With approximately a third of U.S. children overweight and children struggling with weight problems at earlier ages, preventing obesity early in childhood is a pressing Government policy goal. In response, policymakers are experimenting with a range of novel policy proposals, such as regulating food served in schools, taxing snack foods, and limiting advertising to children. Despite the media attention paid to these anti-obesity policies, the Federal Government is already deeply engaged in food policy through its $53 billion annual expenditure in food assistance programs for low-income families. This assistance is provided in a range of forms, which overlap substantially during the early childhood period—beginning with the Special Supplemental Nutrition Program for Women, Infants, and Children (WIC) and ending with the National School Lunch Program (NSLP) when children enter formal schooling.

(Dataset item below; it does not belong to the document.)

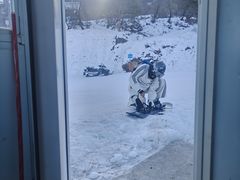 -太子岭滑雪场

Because Federal food assistance programs, by design, intervene early in children’s lives and serve low-income children most likely to be overweight, these programs hold real potential to combat the obesity epidemic by reversing early risk factors and setting in place healthy weight trajectories. However, the ability of the programs to combat the obesity epidemic is under question, as these programs were originally designed to encourage food expenditure at a time when alleviating hunger, rather than preventing obesity, was the primary policy objective. Further, mounting evidence suggests that the Food Stamp Program (FSP), now the Supplemental Nutrition Assistance Program (SNAP), may be associated with increased body mass index (BMI) for adult women. Is this also true for these mothers’ young children? To answer this question, we used new data on young children, ages 3 and 5, who comprise a primary target population for the various Federal food assistance programs to examine the relationship between receiving food assistance and children’s BMI. We asked: Is Federal food assistance part of the early childhood obesity solution or part of the problem?

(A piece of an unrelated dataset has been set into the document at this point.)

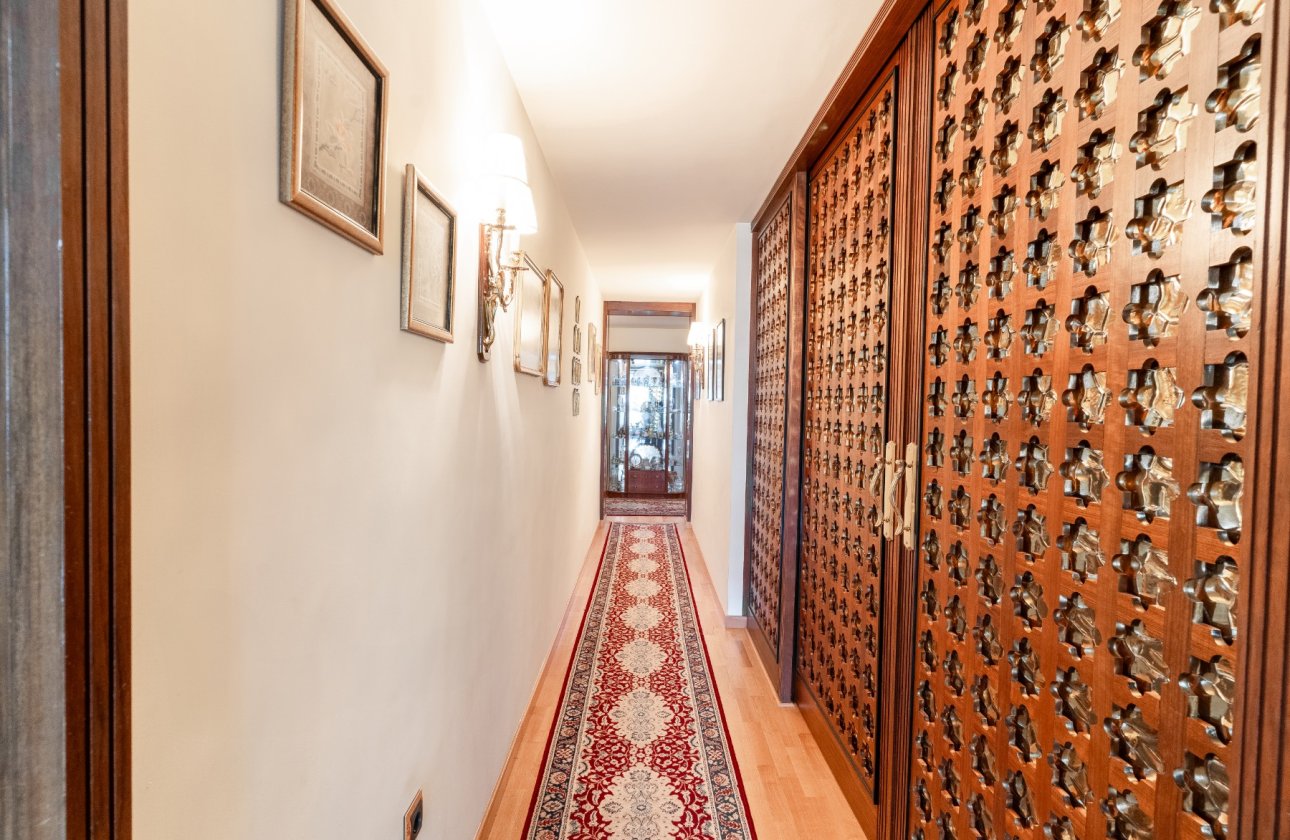 Revente - Appartement - Alicante - Center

We examined the effects of changes in Federal food program participation on young children’s weight status (BMI) by using data from the longitudinal Fragile Families and Child Well-Being Survey (FFCWS), waves III and IV.

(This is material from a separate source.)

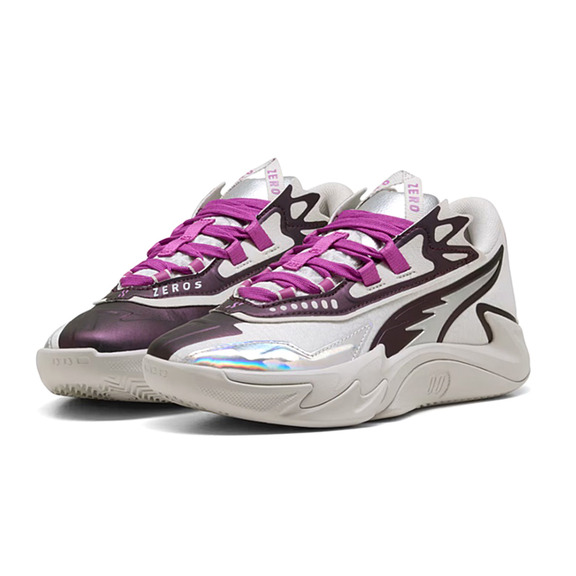 Puma Scoot Zeros II Junior "Sterling"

In 1998-99, participating parents and infants were recruited in 20 large U.S. cities, which vary in terms of cost-of-living factors (such as grocery prices) that may influence the effectiveness of food assistance policies. The analytic sample (n=681) was limited to low-income children born to U.S.-born parents who participated in the In-Home portion of the study at both age 3 (2001-02) and age 5 (2003-04). Because children may receive food assistance through multiple Federal programs during early childhood and each program may have a unique effect on children’s weight, the effect of each type of food assistance was examined while controlling for simultaneous participation in other programs. As many of the same characteristics affecting children’s weight may also influence whether or not families are eligible for and use Federal food assistance programs, individual-level fixed-effects models were estimated.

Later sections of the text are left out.